I believe in Sherlock Holmes. And black crepe mourning bands. And there's a C-note in it for anyone able to dissuade me of one of those beliefs.


  1. I recall finding an announcement of the "death" in a 1893 UK paper and feeling a bit disappointed there was no mention of fans wearing mourning, etc. I suspect this will always remain one of those bits of fan lore we can't prove. But we have seen something similar in the #believeinsherlock movement two years ago, so who knows?

  2. This seems a safe bet on your part as, unless Adrian Doyle or John Carr wrote in a diary somewhere that they fabricated the armband incident, it is unlikely that such proof will be forthcoming.

    It is impossible to disprove a negative (no one wore armbands to mourn the death of Sherlock Holmes in 1893), the lack of contemporary citations does increase the likelihood of Phil Bergem's theory. The fact that Reginald Pound's 1967 "Mirror of the Century" mentions it in a slightly different form does necessarily mean he had a separate, different source with which to site the story. Possible, but not probable.

    I'm not one of those persons who believe "When the legend becomes fact, print the legend." Nor do I believe that refuting the armband legend diminishes Sherlock Holmes one iota. I think the truth is fascinating, if messy, enough. The real anguish of the death of a fictional character reader felt that we can verify through different, independent sources is certainly sufficient to show the high regard Holmes was held in.

    Belief is a tricky thing. Doyle believed in the Cottingley fairies despite overwhelming proof to the contrary. I would never say that there was not one man or woman in Victorian England who wore black crepe in mourning for Holmes after the publication of "The Final Problem". But let us see one news story, one contemporary diary entry to corroborate Carr. "Only those things the heart believes are true" maybe fine for misty-eyed Sherlockians but Holmes had a different view: "This Agency stands flat-footed upon the ground, and there it must remain. The world is big enough for us. No ghosts need apply."

  3. You should have joined the "can't disprove a negative" club in the comments to the previous post. This time around I'm asking the black mourning band deniers to prove a positive -- their own myth that Adrian Conan Doyle supplied Carr with a lie. Anything else is calling John Dickson Carr a bald-faced liar, which is easy to do since he's not around to say otherwise. I'm not promoting fairies, I'm defending the honor of a fine writer of another era. And "misty-eyed Sherlockians?" I'll stand with them against big ol' jerk Sherlockians any day!

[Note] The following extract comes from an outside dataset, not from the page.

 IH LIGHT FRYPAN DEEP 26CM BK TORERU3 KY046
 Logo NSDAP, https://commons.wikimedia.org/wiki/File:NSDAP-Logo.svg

    1. I read this post first and "Standing with the black crepe mourning band" second and I frankly didn't read the comment section for it, so apologizes for that. Adrian had a bad reputation among Sherlockians of a certain era. Carr's biography presents a delightful anecdote, accepted for many years as fact but called in to question by subsequent scholars who cannot find independent verification. The theory that Adrian is responsible for the armband story as a way to increase his father's stature, especially in light of Hesketh Pearson's biography, is a reasonable one. It is also reasonable to believe that Carr had access to information that verifies the armband story. It is just as reasonable for Peter Calamai to ask fellow Sherlockians to help him find that verification. As I don't have Phil Bergem and Peter Calamai's writings in front of me, I cannot state for certain that they raised these issues in a way offensive or insulting to Carr, but my memory of them is that they did not.

      Your defense of Carr's reputation is noble and not misplaced. But his reputation is not a house of cards that will come tumbling down if it turns out the armband story is an embellishment. Watson was known "occasionally to embellish", according to Holmes, and his stature seems secure.

      Your Benjamin is safe in your wallet, or under the mattress, as I doubt a smoking gun is forthcoming to prove "Adrian Conan Doyle supplied Carr with a lie".